# [Entries supplied]
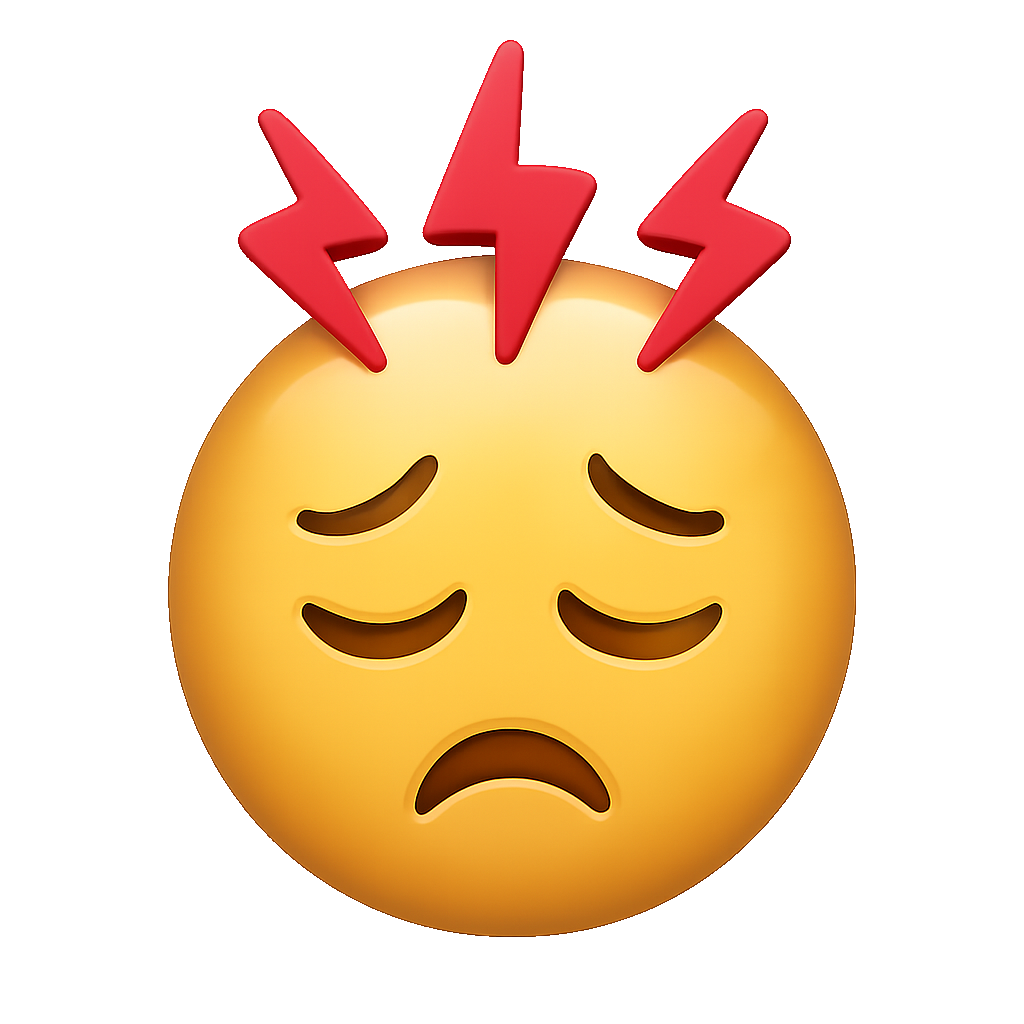 đau đầu headache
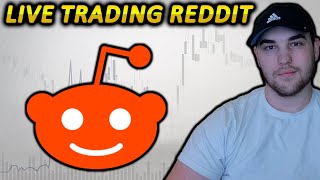 Reddit IPO  Live Trading RDDT stock [upl. by Ahsilrae]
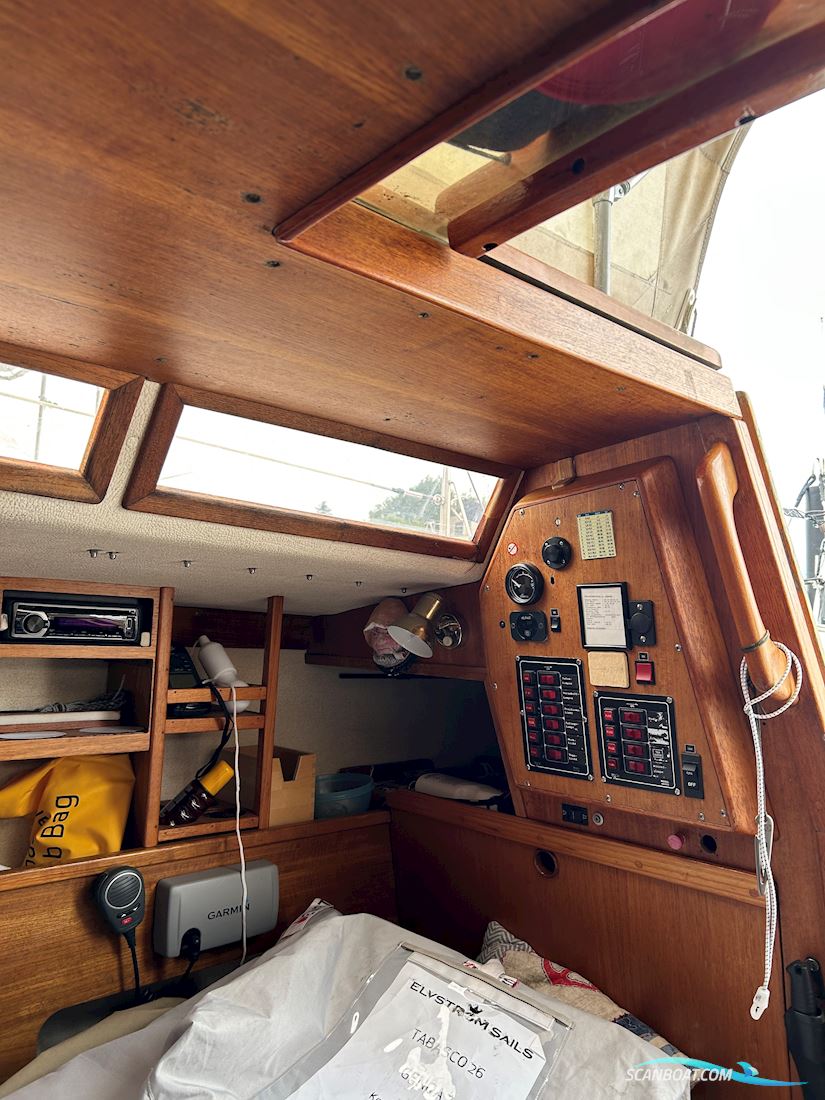 Aston 26 Cruiser Racer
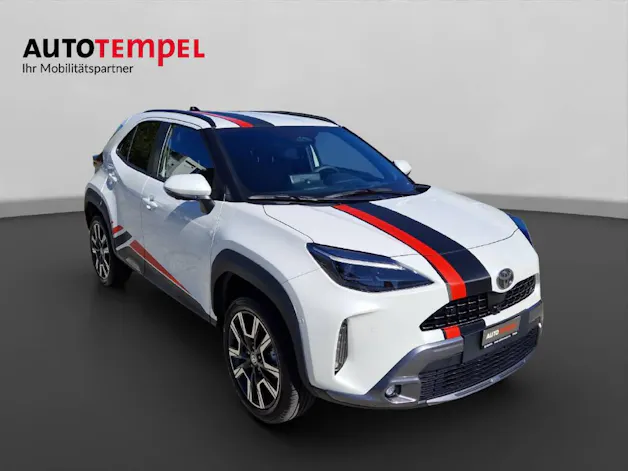 Toyota Yaris Cross 1.5 VVT-i HSD Prem 47255/000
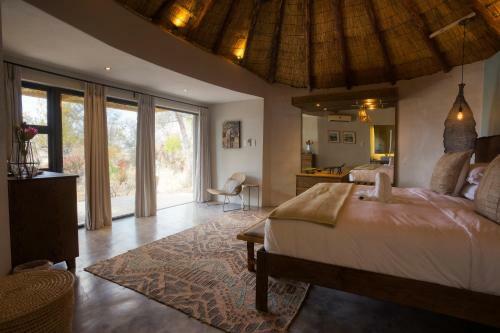 Lodge Misava Safari Camp - Klaserie Drift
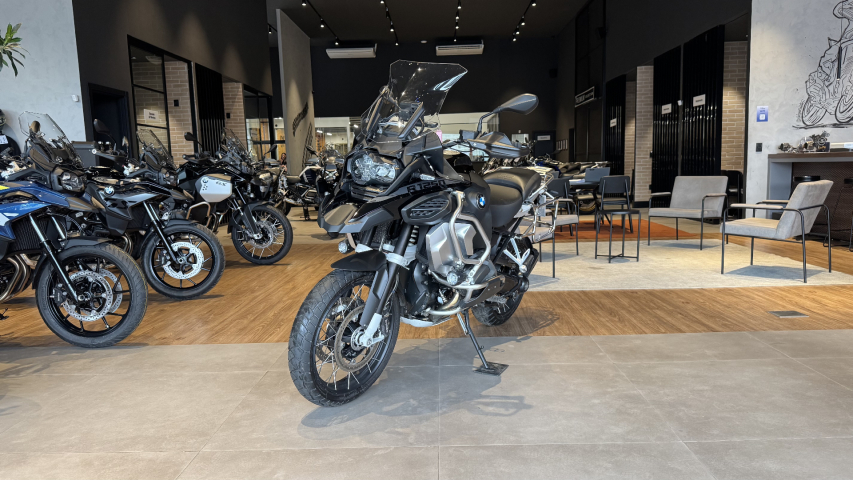 bmw r 1250 gs adventure triple black 34 gasolina manual 20237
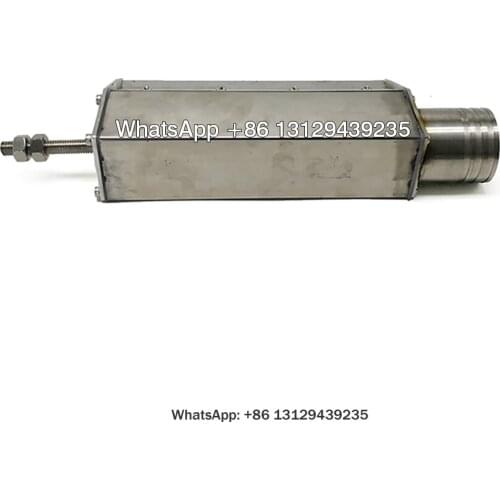 Hot and Cold Wind Aluminum Alloy Air Knife,Air Rinsing System AL Air Knife,PCB Cleaning Aluminum Alloy Air Knife,Blower Knife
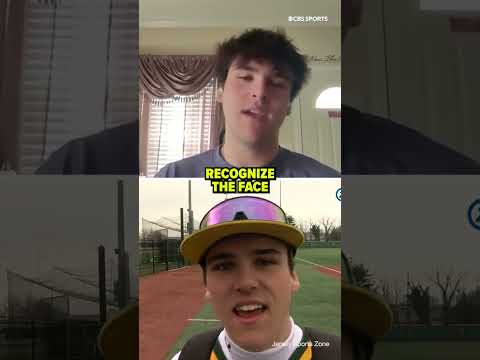 2018 LLWS legend Alfred Delia aka "Big Al" is now a sophmore in college 😱 #shorts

# [To do]
Drop the images and return the data verbatim.

# [Exercise solution]
 đau đầu headache
 Reddit IPO  Live Trading RDDT stock [upl. by Ahsilrae]
 Aston 26 Cruiser Racer
 Toyota Yaris Cross 1.5 VVT-i HSD Prem 47255/000
 Lodge Misava Safari Camp - Klaserie Drift
 bmw r 1250 gs adventure triple black 34 gasolina manual 20237
 Hot and Cold Wind Aluminum Alloy Air Knife,Air Rinsing System AL Air Knife,PCB Cleaning Aluminum Alloy Air Knife,Blower Knife
 2018 LLWS legend Alfred Delia aka "Big Al" is now a sophmore in college 😱 #shorts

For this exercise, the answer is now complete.